» **EXERCISE PROMPT**:
Exactly and only the lines below from the one containing "Oryginalna shisha, bongo" down to the one containing "Bosch Accessories Best" are wanted, both included; please exclude every picture.

» **SOURCE MATERIAL**:
┄┄┄┄┄┄

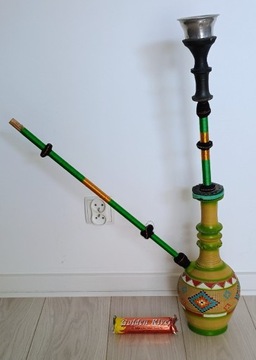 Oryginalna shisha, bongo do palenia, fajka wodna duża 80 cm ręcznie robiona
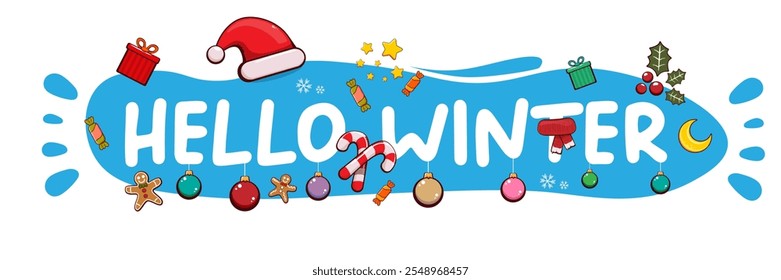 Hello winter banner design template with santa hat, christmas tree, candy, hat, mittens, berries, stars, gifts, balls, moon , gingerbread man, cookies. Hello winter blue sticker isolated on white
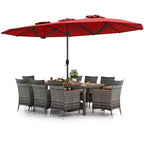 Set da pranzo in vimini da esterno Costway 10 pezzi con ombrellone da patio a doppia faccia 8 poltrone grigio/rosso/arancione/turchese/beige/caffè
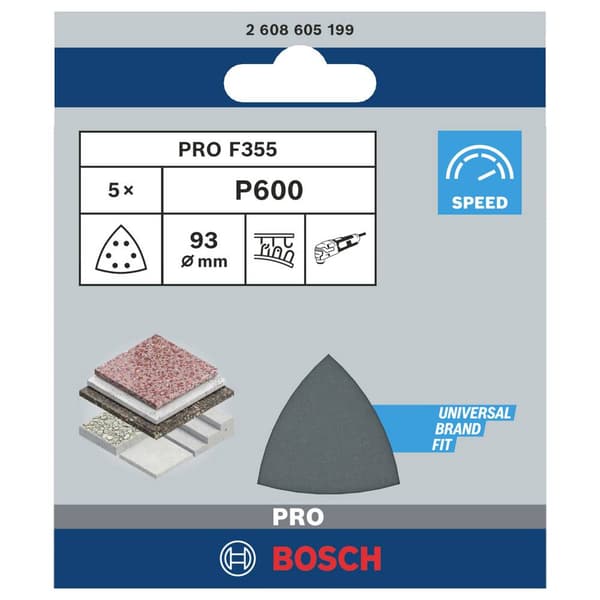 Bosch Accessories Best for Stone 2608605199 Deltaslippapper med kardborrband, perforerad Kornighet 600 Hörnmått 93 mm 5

┄┄┄┄┄┄

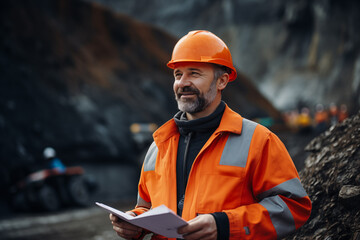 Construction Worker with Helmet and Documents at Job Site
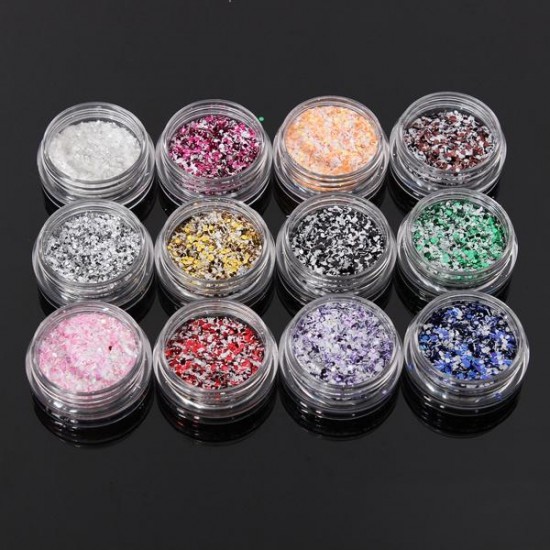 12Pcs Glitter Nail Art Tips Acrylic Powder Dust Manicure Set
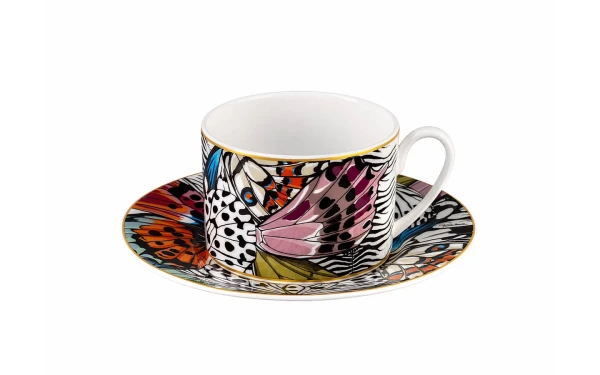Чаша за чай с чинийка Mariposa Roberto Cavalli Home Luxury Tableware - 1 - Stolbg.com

┄┄┄┄┄┄

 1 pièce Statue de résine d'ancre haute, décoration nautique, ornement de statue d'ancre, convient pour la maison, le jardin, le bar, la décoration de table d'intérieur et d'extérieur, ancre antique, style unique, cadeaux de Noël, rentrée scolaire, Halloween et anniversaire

┄┄┄┄┄┄

» **TASK SOLUTION**:
 Oryginalna shisha, bongo do palenia, fajka wodna duża 80 cm ręcznie robiona
 Hello winter banner design template with santa hat, christmas tree, candy, hat, mittens, berries, stars, gifts, balls, moon , gingerbread man, cookies. Hello winter blue sticker isolated on white
 Set da pranzo in vimini da esterno Costway 10 pezzi con ombrellone da patio a doppia faccia 8 poltrone grigio/rosso/arancione/turchese/beige/caffè
 Bosch Accessories Best for Stone 2608605199 Deltaslippapper med kardborrband, perforerad Kornighet 600 Hörnmått 93 mm 5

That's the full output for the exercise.